### Exercise description
After finding the line with "Cụm đồng hồ" in the entries below, copy that line and each one after it exactly, through the last line, and omit pictures.

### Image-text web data
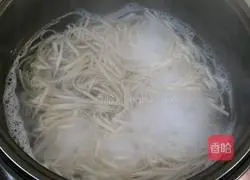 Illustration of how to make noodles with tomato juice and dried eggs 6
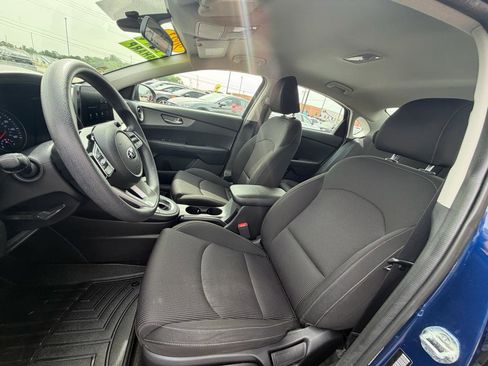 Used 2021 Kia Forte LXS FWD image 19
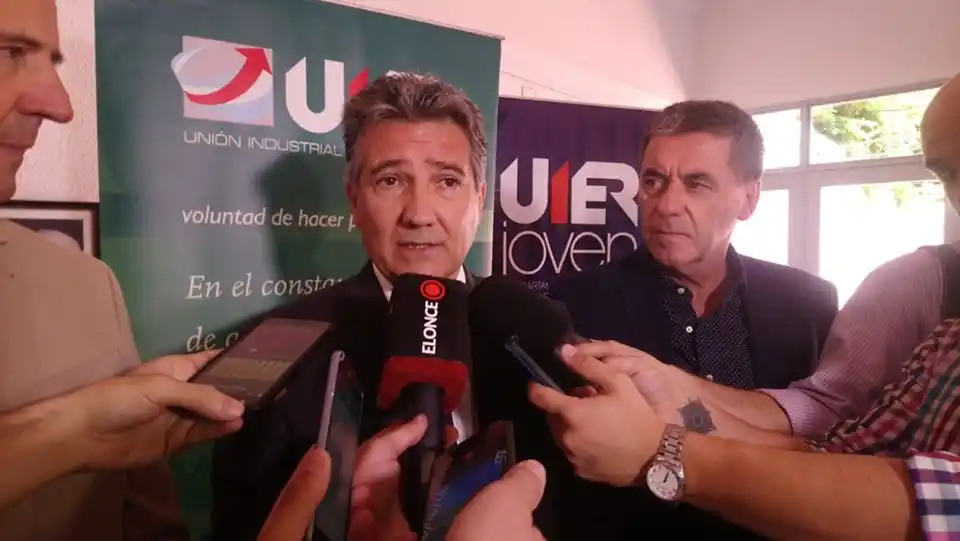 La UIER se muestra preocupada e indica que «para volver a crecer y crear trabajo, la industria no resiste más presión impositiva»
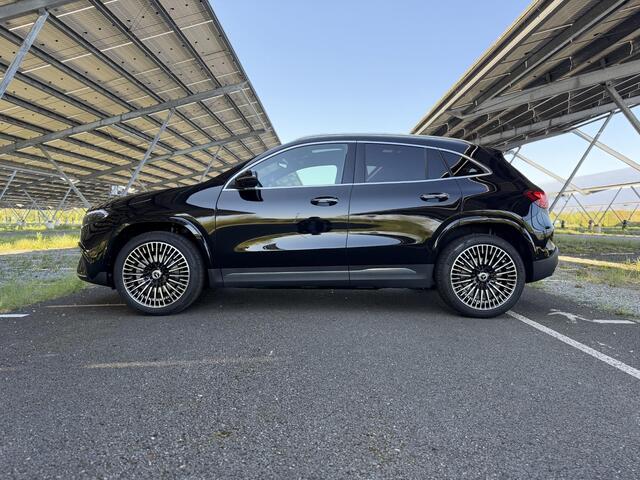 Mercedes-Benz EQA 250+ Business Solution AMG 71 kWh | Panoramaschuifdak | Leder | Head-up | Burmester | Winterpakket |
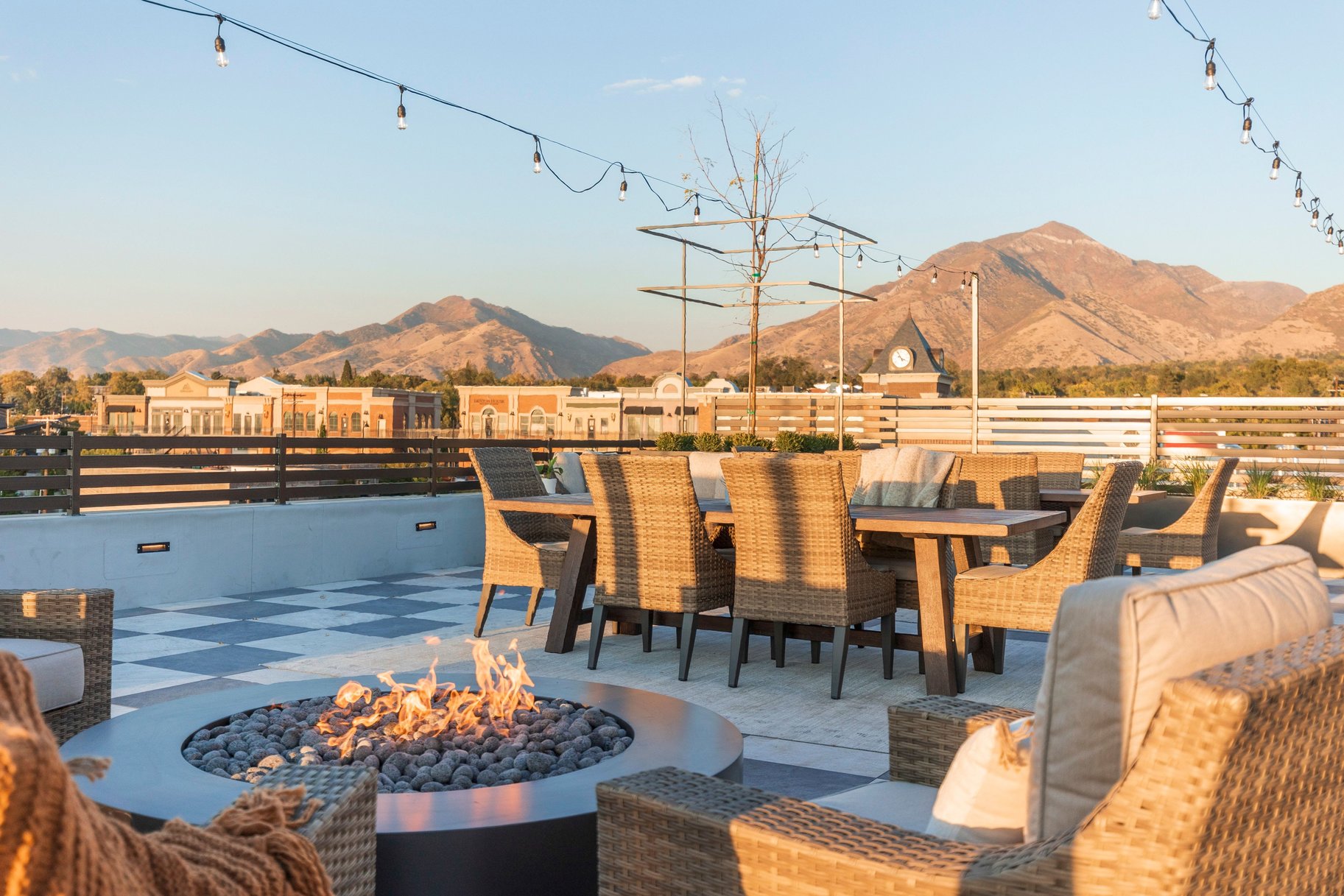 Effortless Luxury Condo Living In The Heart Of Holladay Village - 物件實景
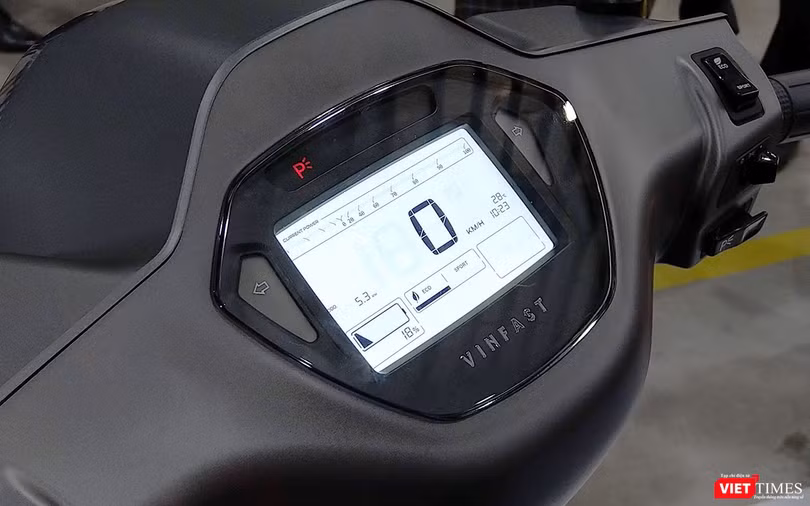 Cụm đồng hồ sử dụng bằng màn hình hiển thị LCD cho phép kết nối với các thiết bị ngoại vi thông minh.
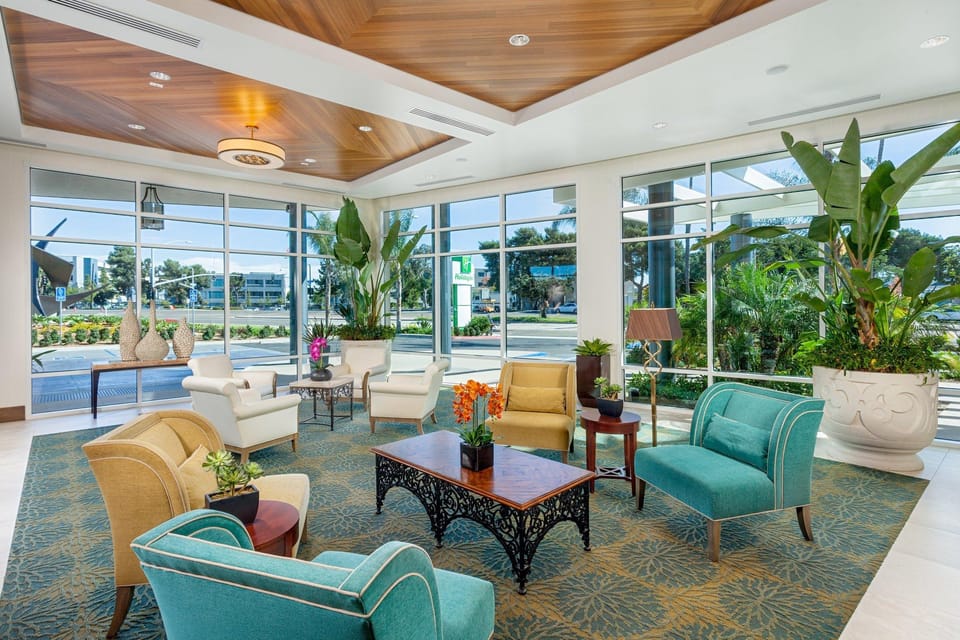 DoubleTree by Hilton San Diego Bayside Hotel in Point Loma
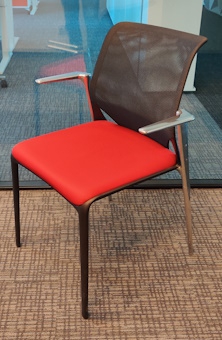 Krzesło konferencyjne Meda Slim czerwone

### Reply
 Cụm đồng hồ sử dụng bằng màn hình hiển thị LCD cho phép kết nối với các thiết bị ngoại vi thông minh.
 DoubleTree by Hilton San Diego Bayside Hotel in Point Loma
 Krzesło konferencyjne Meda Slim czerwone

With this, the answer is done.